** Data section follows **

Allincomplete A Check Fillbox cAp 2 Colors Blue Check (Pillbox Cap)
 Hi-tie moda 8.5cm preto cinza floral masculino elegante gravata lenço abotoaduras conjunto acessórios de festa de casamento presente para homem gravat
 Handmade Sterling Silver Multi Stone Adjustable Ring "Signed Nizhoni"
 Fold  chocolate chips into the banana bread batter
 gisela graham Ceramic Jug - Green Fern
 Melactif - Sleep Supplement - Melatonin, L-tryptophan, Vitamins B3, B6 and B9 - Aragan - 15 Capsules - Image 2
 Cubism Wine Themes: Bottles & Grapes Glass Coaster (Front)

** End of Data section **

__Task description__
Once you reach the line containing "Melactif - Sleep", output that line and each one after it exactly, ending with the final line of the listing and adding nothing else.

__Exercise output__
 Melactif - Sleep Supplement - Melatonin, L-tryptophan, Vitamins B3, B6 and B9 - Aragan - 15 Capsules - Image 2
 Cubism Wine Themes: Bottles & Grapes Glass Coaster (Front)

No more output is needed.